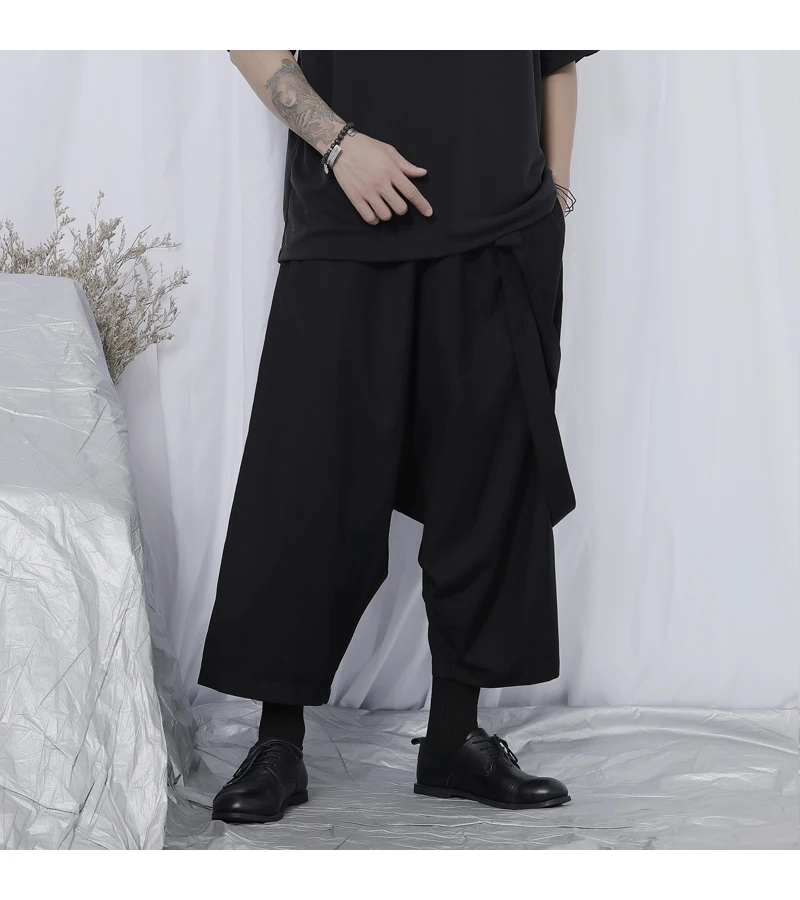 New Casual Pants Men's Nine Point Pants Black Casual Large Wide Leg Pants Fashion Handsome Loose Strap Pants Men's Casual Pants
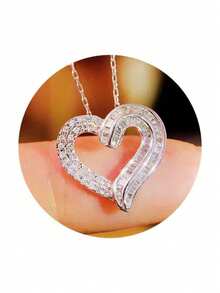 1 Pc Elegant Cubic Zirconia Necklace Pendant For Women For Valentine's Day Gift Engagement Anniversary Party Jewelry - 1# - View 5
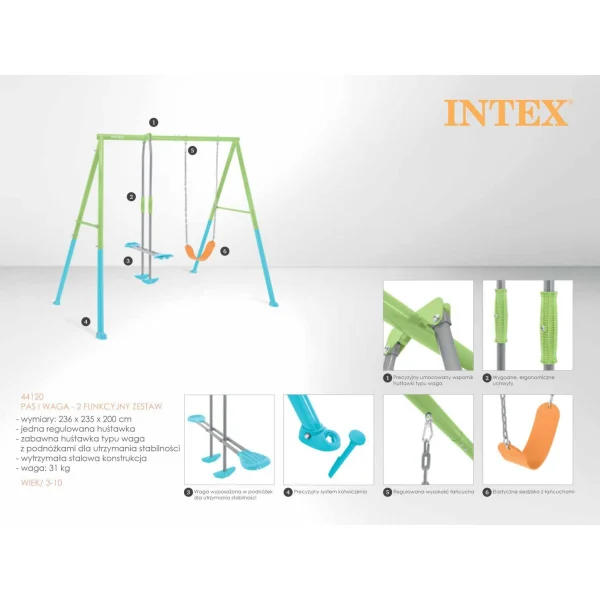 Huśtawka ogrodowa podwójna plac zabaw dla dzieci szybowiec INTEX 44120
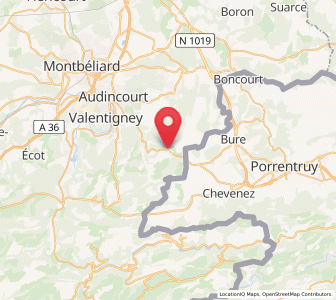 Map of Abbévillers, Bourgogne-Franche-Comté
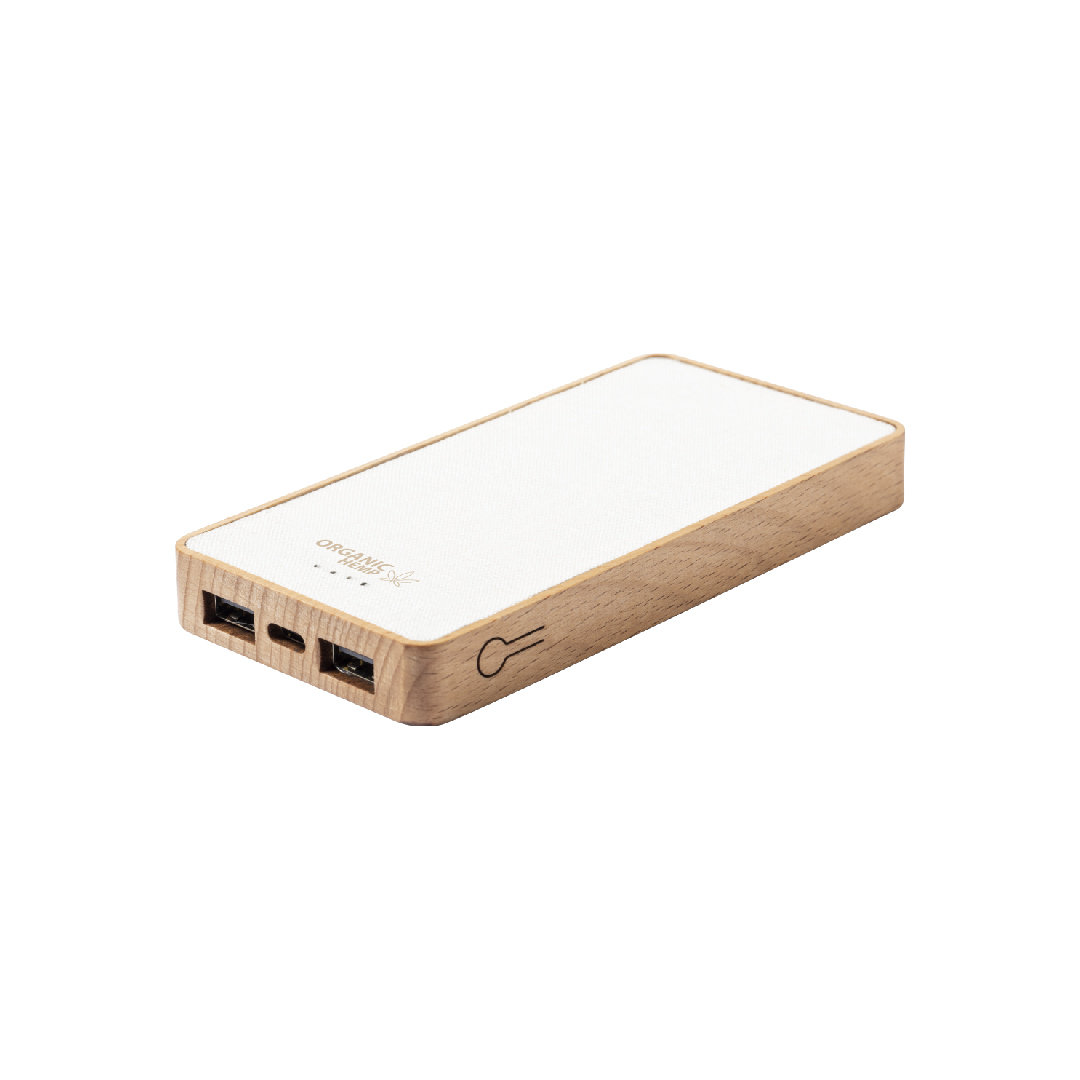 Power Bank personalizada Meskat de cáñamo orgánico y madera natural de 8000mAh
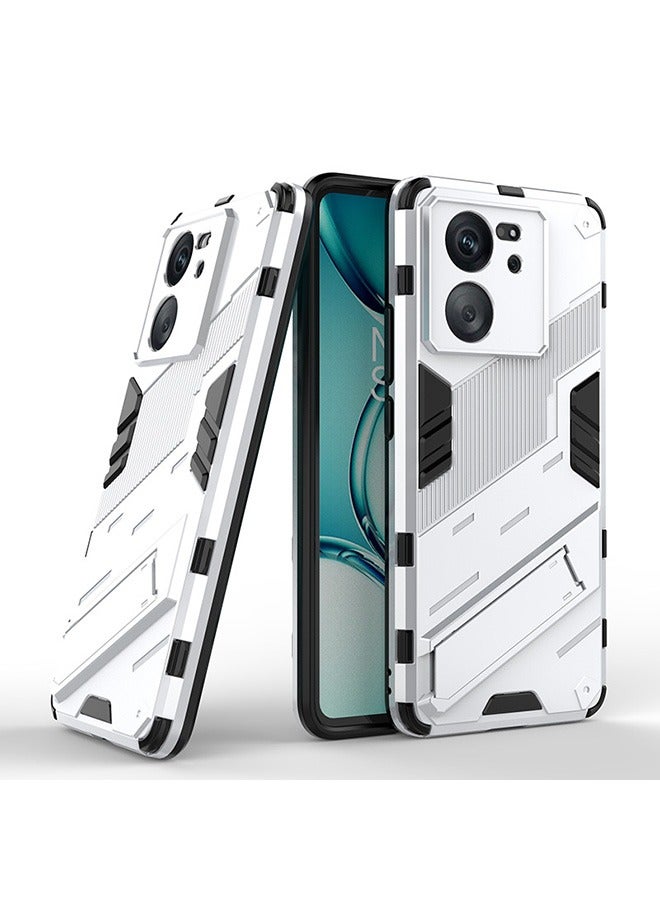 Case Compatible with Xiaomi 13T / Xiaomi 13T Pro, Shockproof Cases with Kickstand Magnet Stand, Anti-Fall Drop Protection, PC+TPU High Quality Protective Tough Hard Phone Cover, White - Image 1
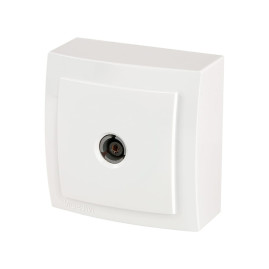 Розетка телевизионная, конечная, открытой проводки цвет Белый NILSON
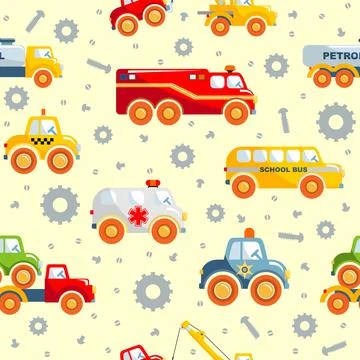 Toys transport seamless pattern Stock Illustration
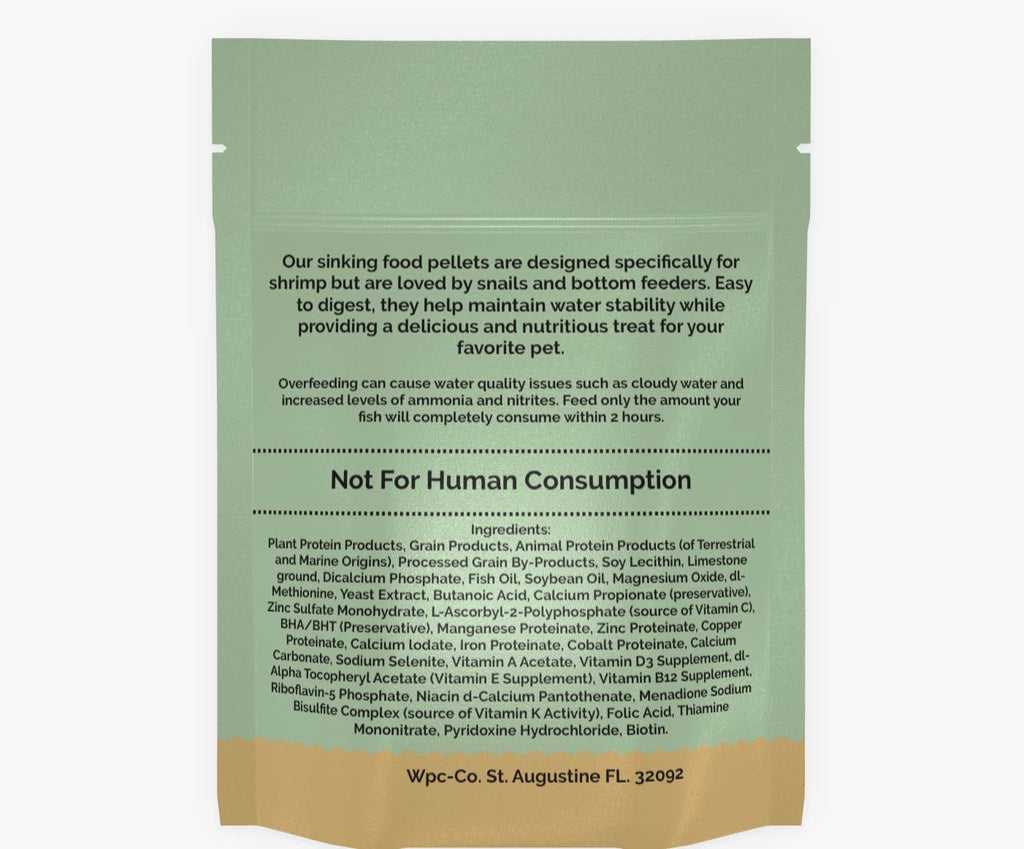Wpc-Co. Aquarium Shrimp Food - Sinking Pellets for Aquatic Shrimp, Snail, Bottom Feeders - Complete Nutrition for Tropical Shrimps and Other Invertebrates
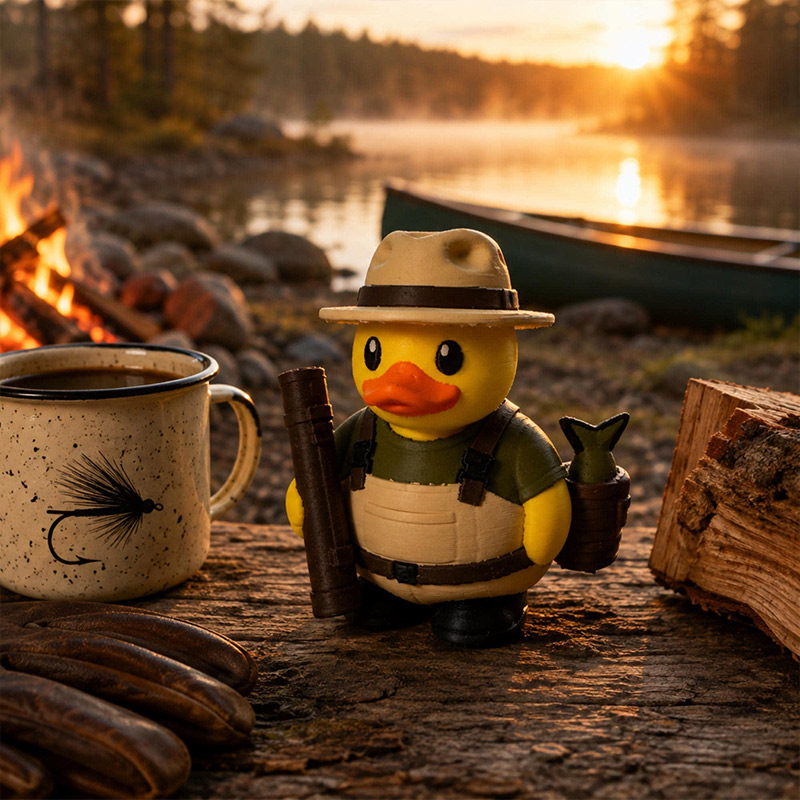 Personalized Fly Fishing Duck Decor Cabin Gift Fisherman Desk Ornament Tackle Box Shelf Accessory Dashboard Figurine Angler Gift Idea for Dad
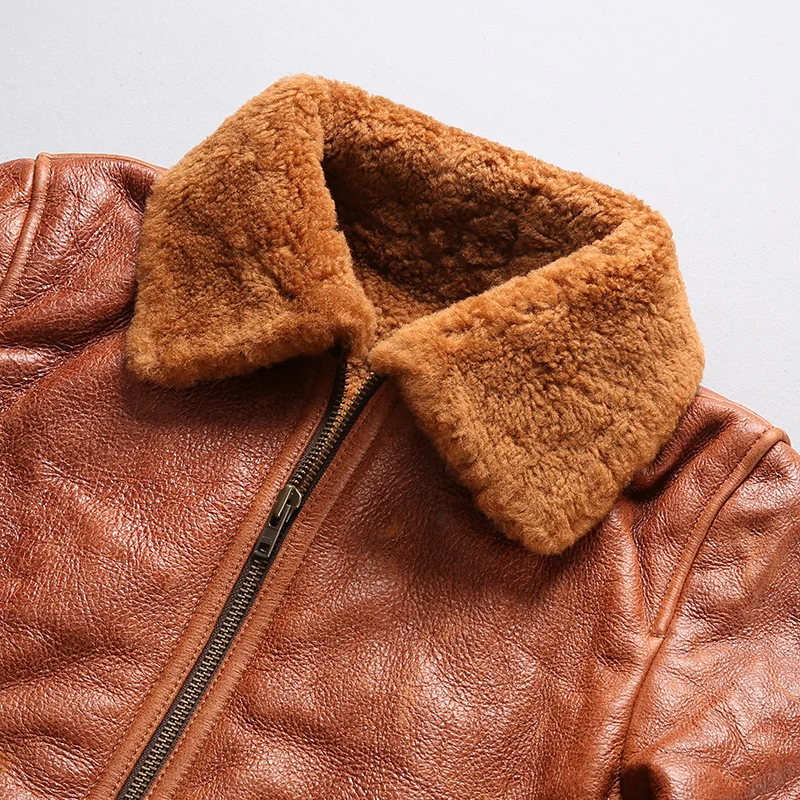 Брендовая мужская куртка большого размера из натуральной овечьей кожи, супер качество, теплые пальто из овчины Avirex Fly Bomber, военная Меховая куртка G1
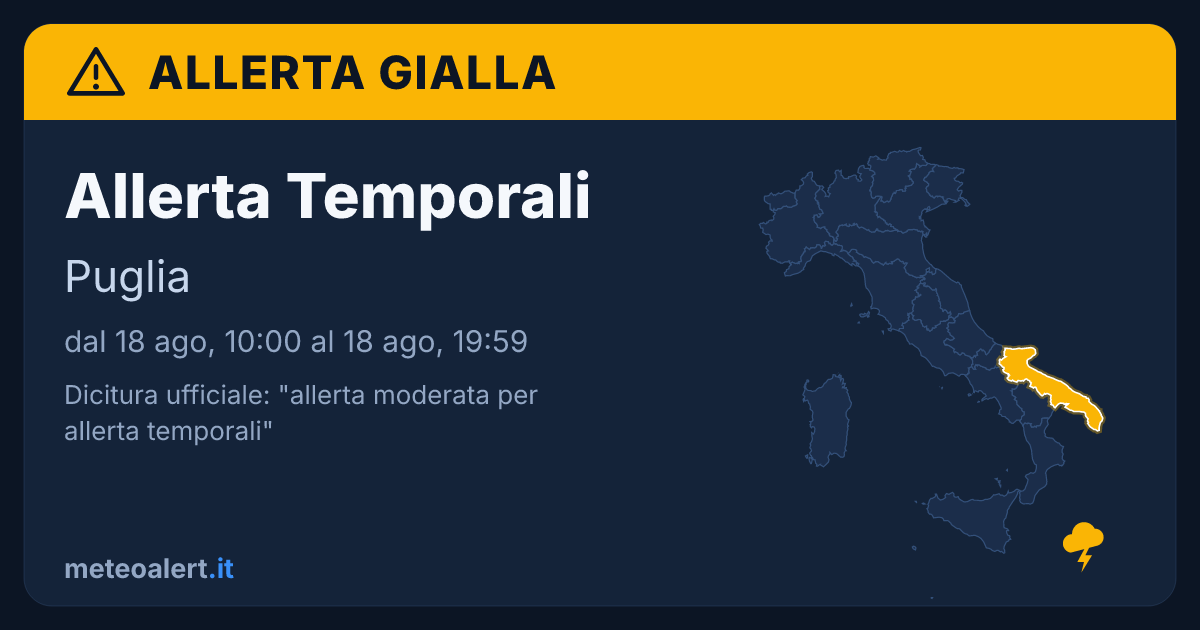 Allerta moderata per temporali in Puglia: allerta gialla oggi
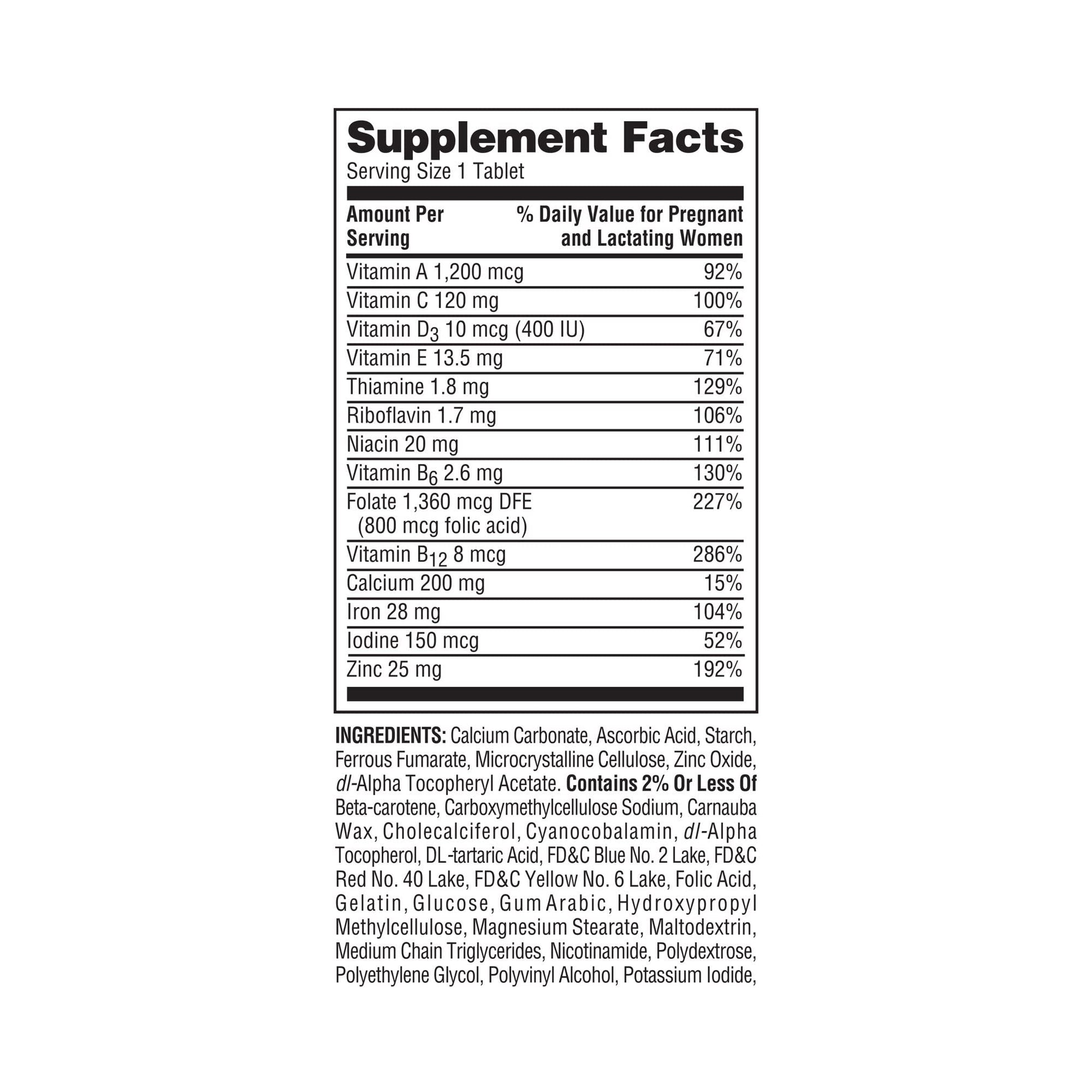 Suplemento prenatal multivitamínico Spring Valley LUAL 100 tabletas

* WORK INSTRUCTION
Copy exactly the lines of the entries above from the one containing "Huśtawka ogrodowa podwójna" through the one containing "Case Compatible with". Both end lines count; pictures do not.

* SOLUTION TO THE EXERCISE
 Huśtawka ogrodowa podwójna plac zabaw dla dzieci szybowiec INTEX 44120
 Map of Abbévillers, Bourgogne-Franche-Comté
 Power Bank personalizada Meskat de cáñamo orgánico y madera natural de 8000mAh
 Case Compatible with Xiaomi 13T / Xiaomi 13T Pro, Shockproof Cases with Kickstand Magnet Stand, Anti-Fall Drop Protection, PC+TPU High Quality Protective Tough Hard Phone Cover, White - Image 1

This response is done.